Money and labour aside... I'm torn between a pair of Bose or aftermarket [smiley=argue.gif]


----------



## ashfinlayson (Oct 26, 2013)

Bose speakers are only marginally better than non Bose oem speakers. I certainly wouldn't pay a premium for Bose if given the choice.


----------



## TT-driver (Sep 14, 2010)

Replacing non-bose by bose isn't wise. The non-bose large doorspeakers produce low and mid frequencies. The large bose speakers produce just the low frequencies. For the mids an additional smaller speaker is required. It's behind that smaller speaker grille.

Your standard amplifier won't be capable of driving them both. So get an dirt cheap original speaker or go after market. Beware that the seal between the door and the speaker has to be water tight. Else you'll introduce a water leak. And preferably you need some sort of adapter to bring the speaker closer to the speaker grille in the door. That will improve the sound experience.


----------



## barry_m2 (Jun 29, 2015)

TT-driver said:


> Replacing non-bose by bose isn't wise. The non-bose large doorspeakers produce low and mid frequencies. The large bose speakers produce just the low frequencies.
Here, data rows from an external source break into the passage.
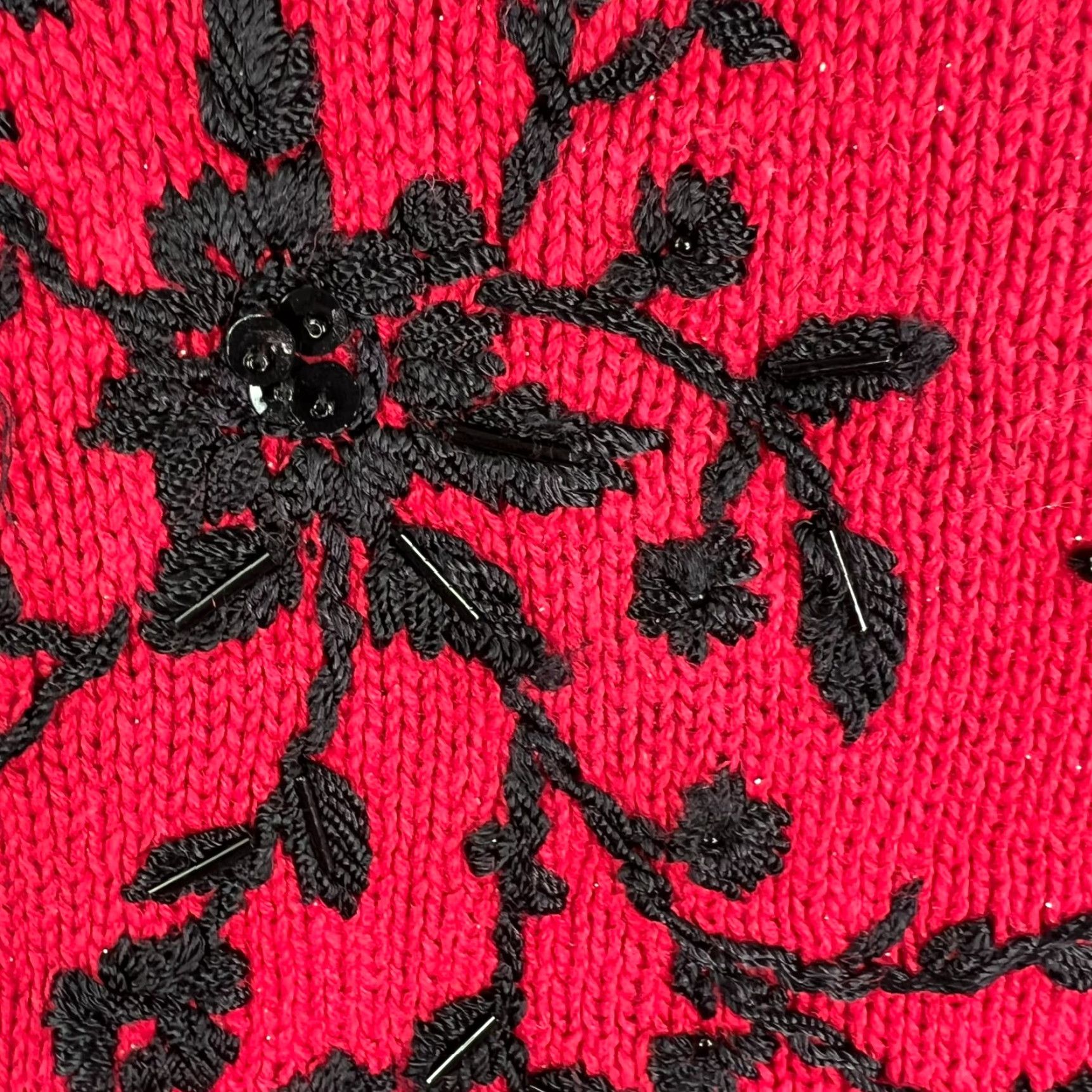 Vintage VINTAGE Tiara Holiday Floral Embroidered Sweater Womens M Red Pullover Casual Oversized Santa 90s Size M / US 6-8 / IT 42-44 - 4 Thumbnail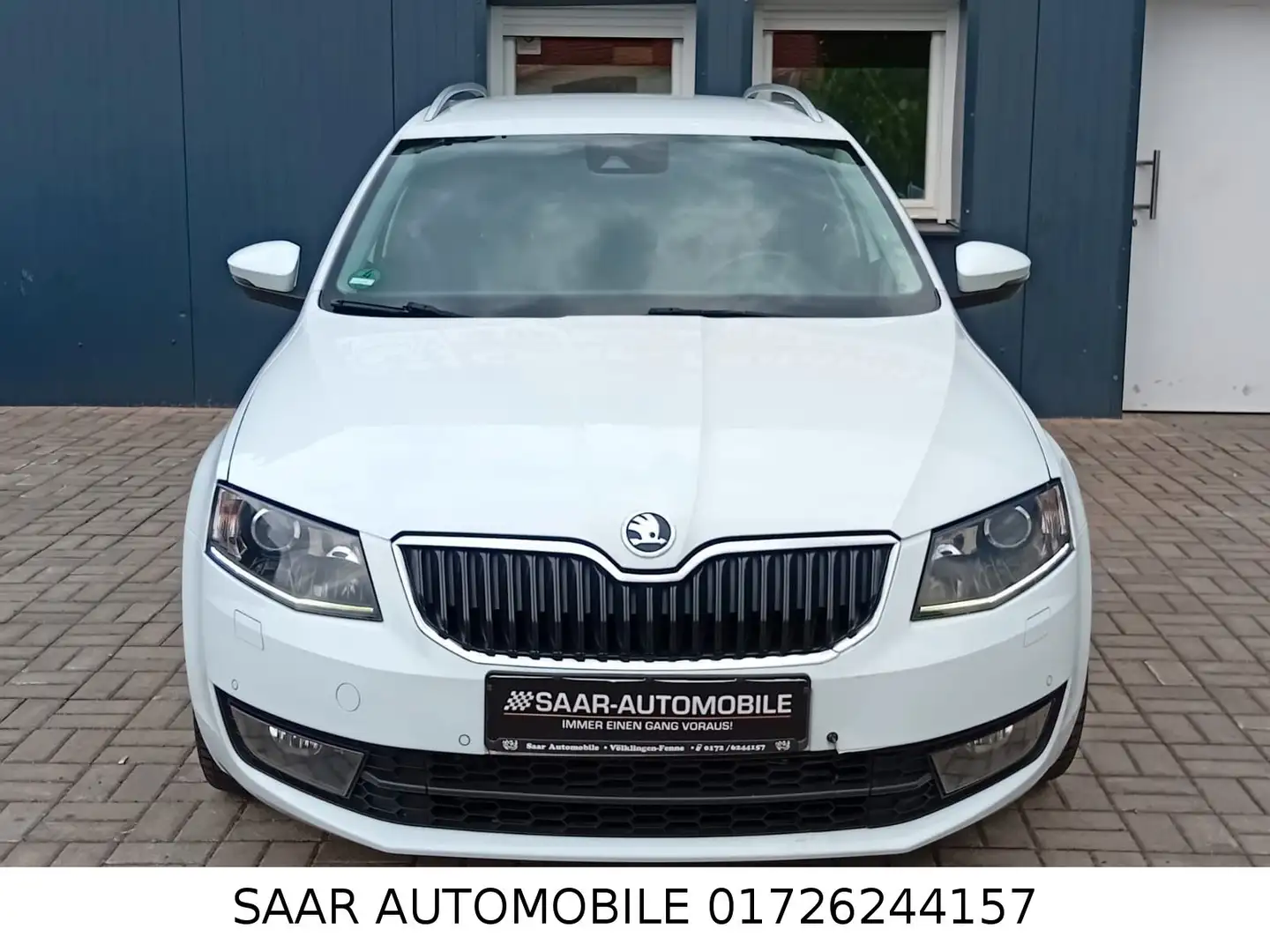 Skoda Octavia Combi Style 2.0TDI DSG/LEDER/EURO6 Weiß - 2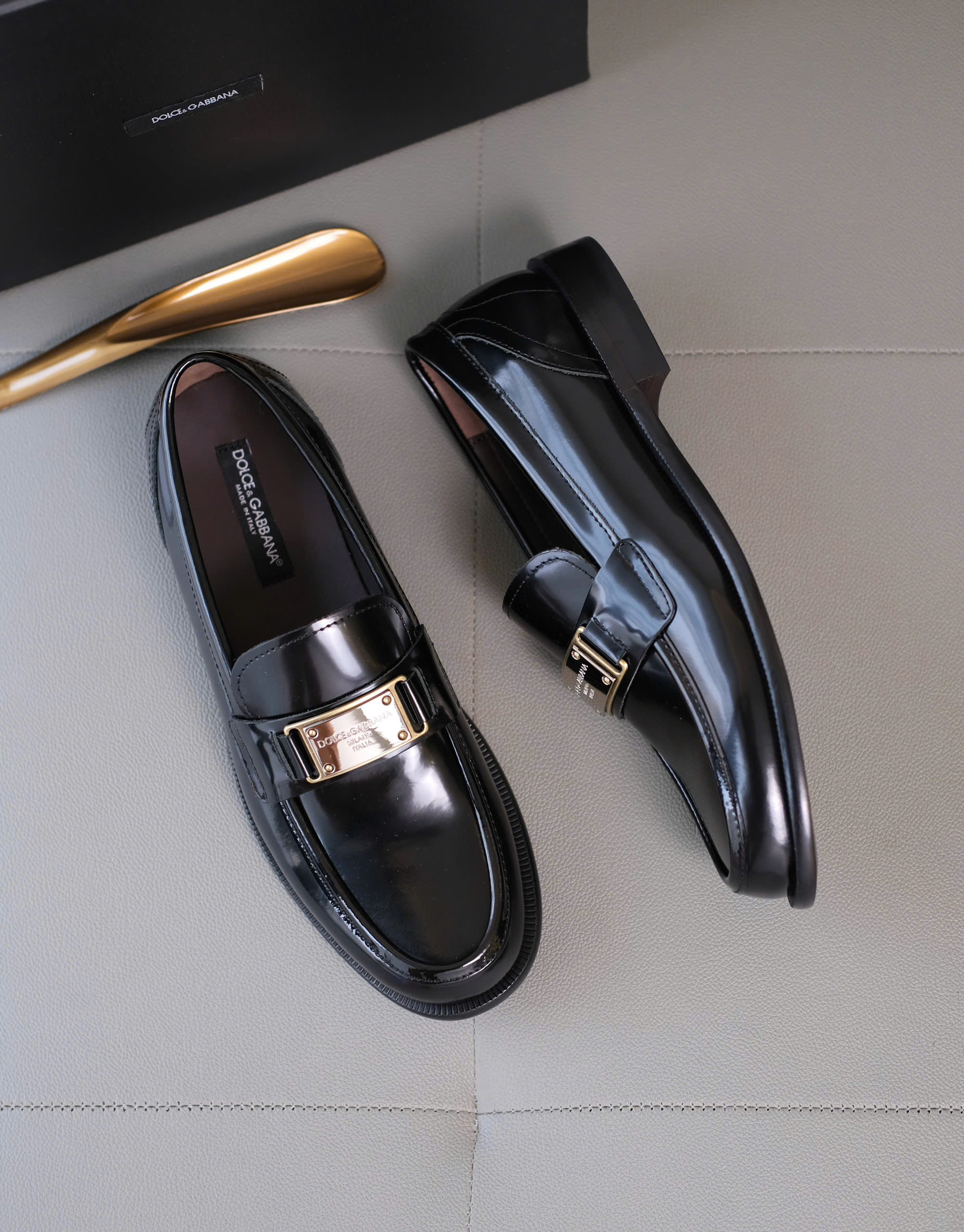 Giày loafer Dolce Gabbana DG Đen bóng logo tag vuông đế gỗ Like Auth 38-43 DDT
For the mids an additional smaller speaker is required. It's behind that smaller speaker grille.


Yes, I was thinking of removing the stock door speakers and replacing with the smaller Bose drivers just above them. I don't need base, I have a sub in the boot. Might have a little play around and see what I can do.


----------



## carlsicesilverTT (Jun 30, 2016)

barry_m2 said:


> TT-driver said:
> 
> 
> > Replacing non-bose by bose isn't wise. The non-bose large doorspeakers produce low and mid frequencies. The large bose speakers produce just the low frequencies. For the mids an additional smaller speaker is required. It's behind that smaller speaker grille.
> ...


Sounds feasible, I would have thought you could pick up bose speakers at a tidy price off someone so may as well go bose if no difference in price.

Only thing I would point out is the bose system has a number of speakers placed at certain positions in the cabin such as in middle of dash by windscreen. This would be a=to achieve the correct sound effect.

8)


----------



## barry_m2 (Jun 29, 2015)

carlsicesilverTT said:


> Only thing I would point out is the bose system has a number of speakers placed at certain positions in the cabin such as in middle of dash by windscreen. This would be a=to achieve the correct sound effect.
> 
> 8)


Yeah, a good point. I'm using the stock amp so I can't go fitting any extra speakers. I have a second amp running a sub in the boot so I dont really need any low frequency drivers, which is why I was toying with the idea of replacing the larger door speakers and fitting the smaller Bose ones just above them instead.

I think the system sounds good as it is, and this has only come about as I have 1 blown door speaker. I tend to do things like this all the time... if something breaks, I look at that other options are available to improve over stock, but with stock where possible.


----------



## TT-driver (Sep 14, 2010)

barry_m2 said:


> Yes, I was thinking of removing the stock door speakers and replacing with the smaller Bose drivers just above them. I don't need base, I have a sub in the boot. Might have a little play around and see what I can do.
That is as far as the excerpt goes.